First, we’ll construct and run the BiSSE model and the BiSSE null model:
trans.rates.bisse <- TransMatMakerHiSSE()
pp.bisse.full <- hisse(tree, reef,
hidden.states = FALSE, sann = FALSE,
turnover = c(1, 2), eps = c(1, 1),
trans.rate = trans.rates.bisse)
pp.bisse.null <- hisse(tree, reef,
hidden.states = FALSE, sann = FALSE,
turnover = c(1, 1), eps = c(1, 1),
trans.rate = trans.rates.bisse)
Next, we’ll run the full hisse model, save for the constrained transition rates and epsilon.
trans.rates.hisse <- TransMatMakerHiSSE(hidden.traits = 1)
trans.rates.hisse <- ParEqual(trans.rates.hisse, c(1, 2, 1, 3, 1, 4, 1, 5))
pp.hisse.full <- hisse(tree, reef,
hidden.states = TRUE, sann = FALSE,
turnover = c(1, 2, 3, 4), eps = c(1, 1, 1, 1),
trans.rate = trans.rates.hisse)
Finally, we’ll build the 2 state character independent diversification model, sometimes called CID-2. We’ll use this as our null model by forcing the visible states (reef or non-reef) to have the same net turnover rates, while permitting the hidden states to vary freely.

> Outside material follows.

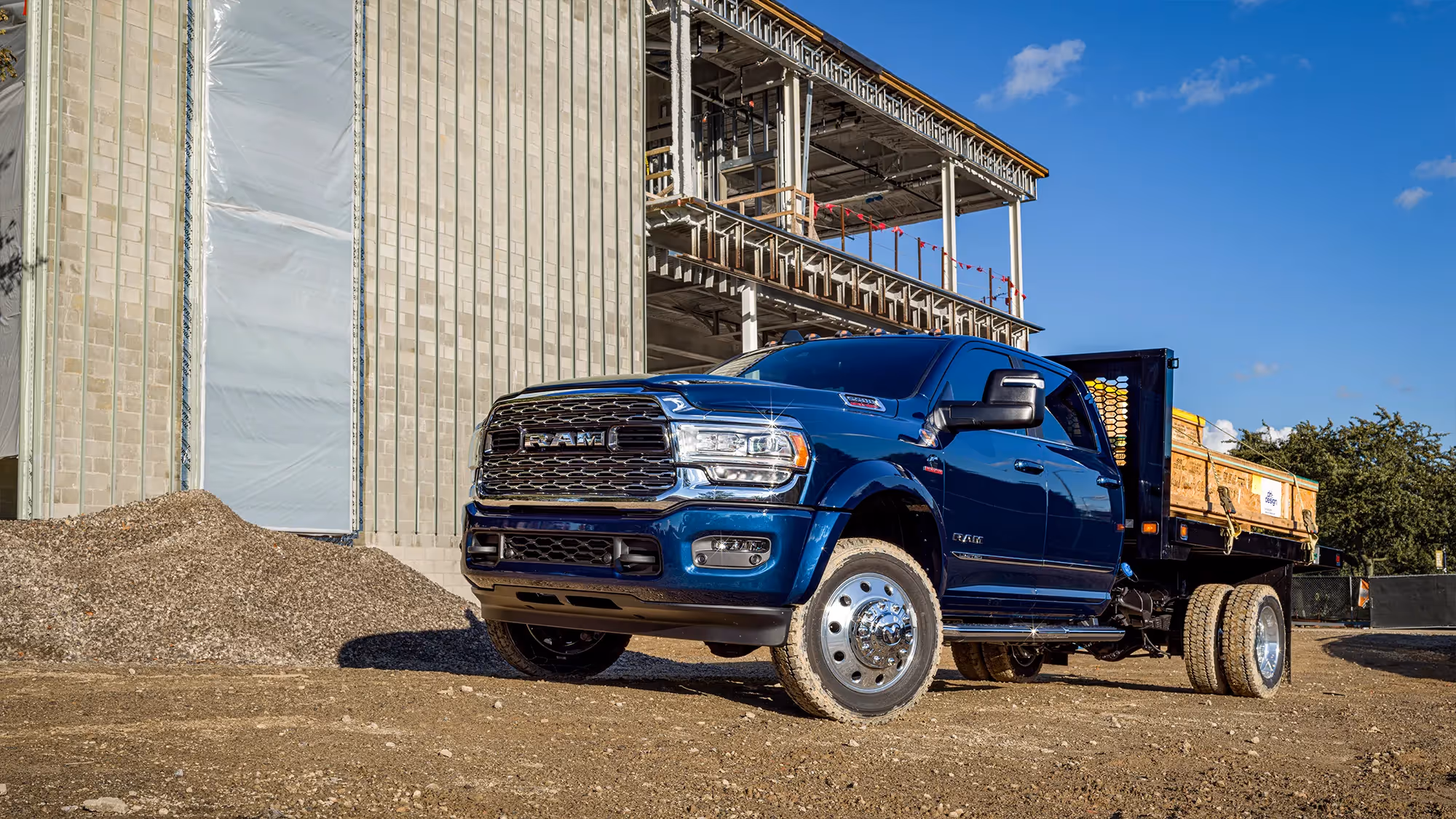 A blue Ram HD truck hauls material on a dirt lot surrounded by unfinished concrete structures.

pp.hisse.null2 <- hisse(tree, reef,
hidden.states = TRUE, sann = FALSE,
turnover = c(1, 1, 2, 2), eps = c(1, 1, 1, 1),
trans.rate = trans.rates.hisse)
We can combine all of our results into a single table for easy comparison.
results <- list(pp.bisse.full, pp.bisse.null, pp.hisse.null2, pp.hisse.full)
aicc <- sapply(results, `[[`, "AICc")
lnl <- sapply(results, `[[`, "loglik")
data.frame(model = c("bisse_full", "bisse_null", "hisse_cid2", "hisse_full"), aicc, lnl)
Summarizing the results on the basis of AICc suggests that the best supported model is a null model, where habitat has no effect on speciation rate.